Automate release notes with GitHub

Completed

After learning how to create and manage release tags in your repository, you'll learn how to set up automatically generated release notes for your GitHub releases.

You can create an overview of what's included in a release, and you can also customize your automated release notes.

You can use labels to create custom categories to organize pull requests. You can also choose to include or exclude specific labels and users from the output.

Creating automatically generated release notes

When setting up your release, you have the option "Autogenerate release notes" to include all changes between your tag and the last release. If you never created a release before, it includes all changes from your repository.

Screenshot of how to create release notes from GitHub.

You can choose to customize it or leave it as it is.

Setting up automatically generated release notes template

You can customize the autogenerated release notes template by following these steps:

  1. Go to your repository and create a new file.

    Screenshot of how to create a new file on GitHub.

  2. Use the name .github/release.yml to create the release.yml file in the .github directory.

    Screenshot of how to create release.yml file on GitHub.

  3. Write in YAML format, which pulls request labels and authors you want to exclude from this release.
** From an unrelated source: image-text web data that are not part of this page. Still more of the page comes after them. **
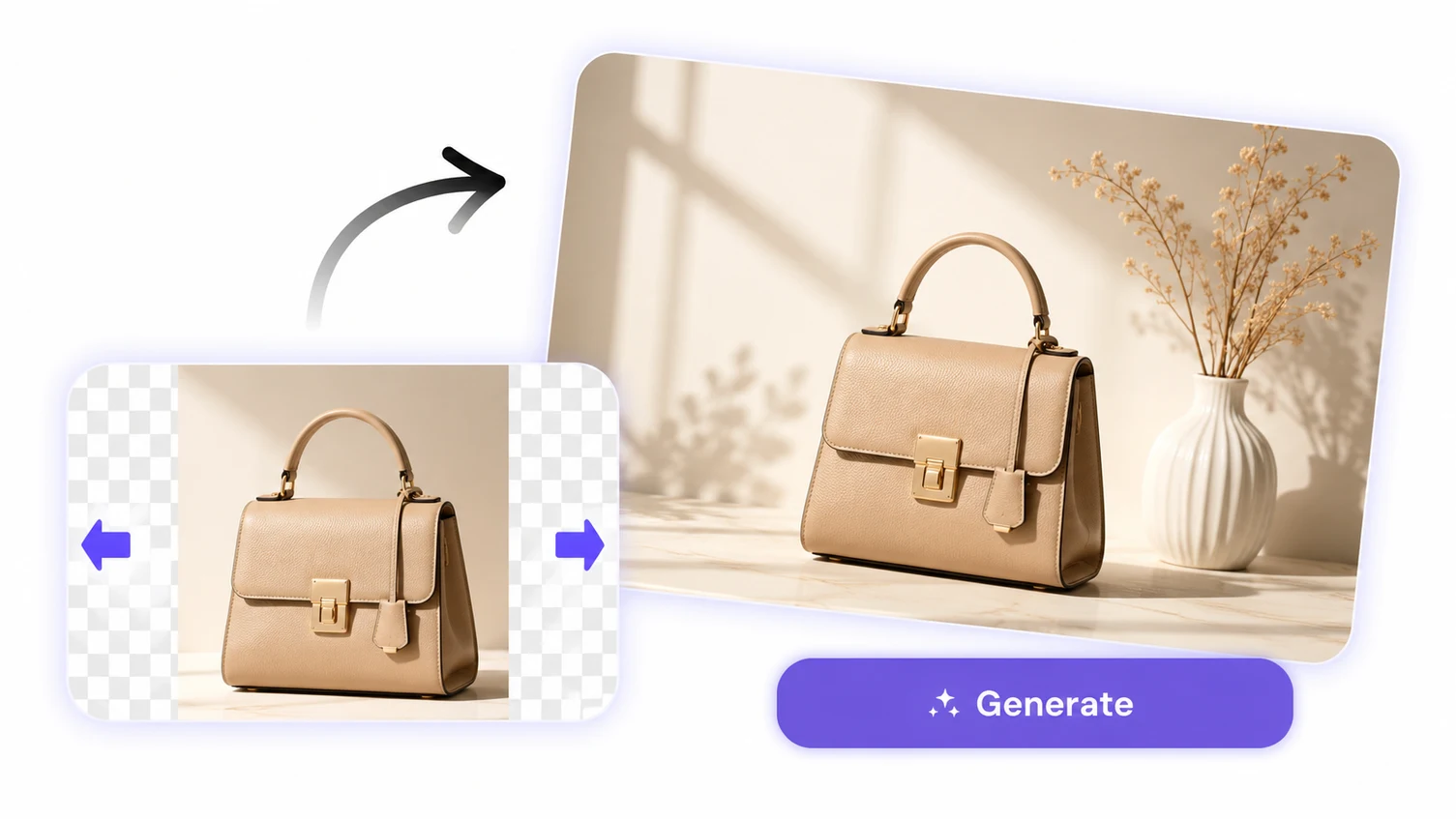 AI-extended website visual with extra background space for copy.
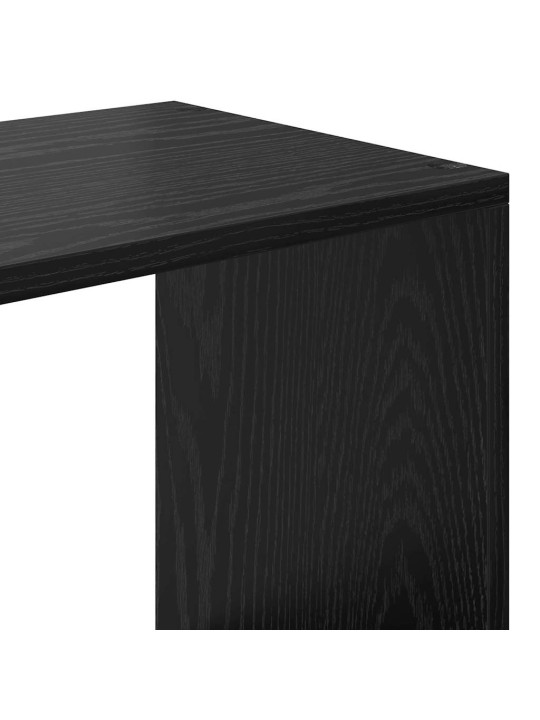 Grāmatplaukts melns ozols 137.5 x 29 x 137.5 cm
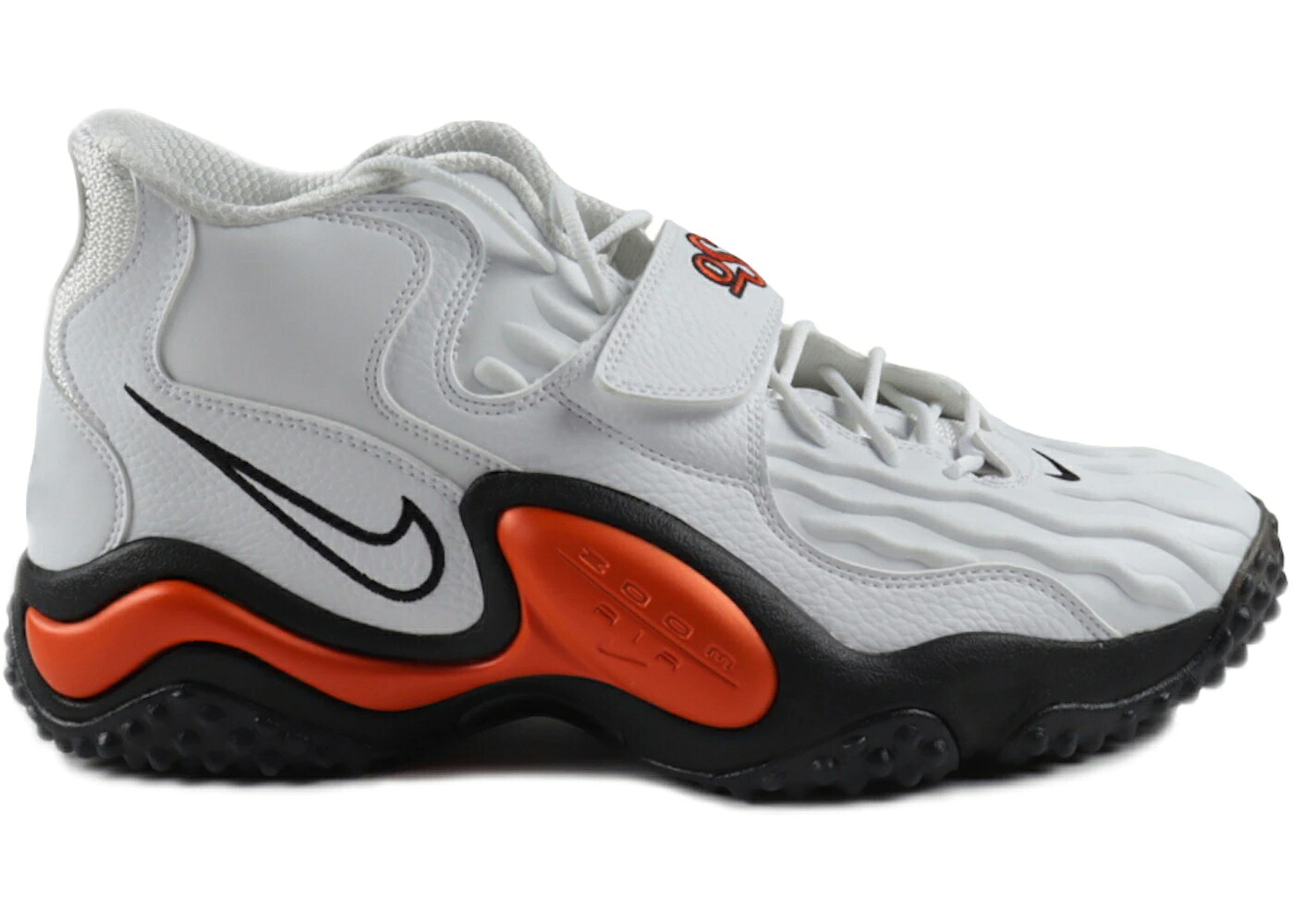 ナイキ ズーム ターフ 白色 ホワイト 黒色 ブラック チーム 橙 オレンジ スニーカー メンズ NIKE AIR ZOOM TURF JET 97 BARRY SANDERS OSU / WHITE WHITE BLACK TEAM ORANGE｜スニケス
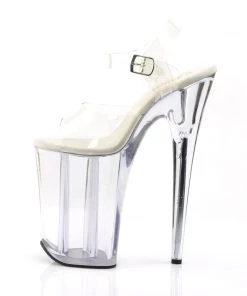 Pleaser Direct Infinity 908 Clear Platforms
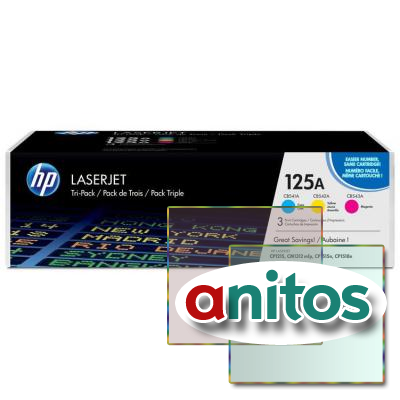   HP 125A CF373AM CMY  CLJ CP1215/1515 (3)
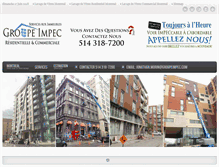 Tablet Screenshot of groupeimpec.com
You can also create new categories and list the pull request labels in each. For more information about setup options, see Automatically generated release notes - GitHub Docs.

    Example setup:

    # .github/release.yml
    
    changelog:
      exclude:
        labels:
        - ignore-for-release
        authors:
        - octocat
      categories:
        - title: Breaking Changes 🛠
          labels:
            - Semver-Major
            - breaking-change
        - title: Exciting New Features 🎉
          labels:
            - Semver-Minor
            - enhancement
        - title: Other Changes
          labels:
            - *
    
  4. Commit your new file.

    Screenshot of how to commit new file on GitHub.

  5. Try to create a new release and select + Auto-generate release notes to see how the template works.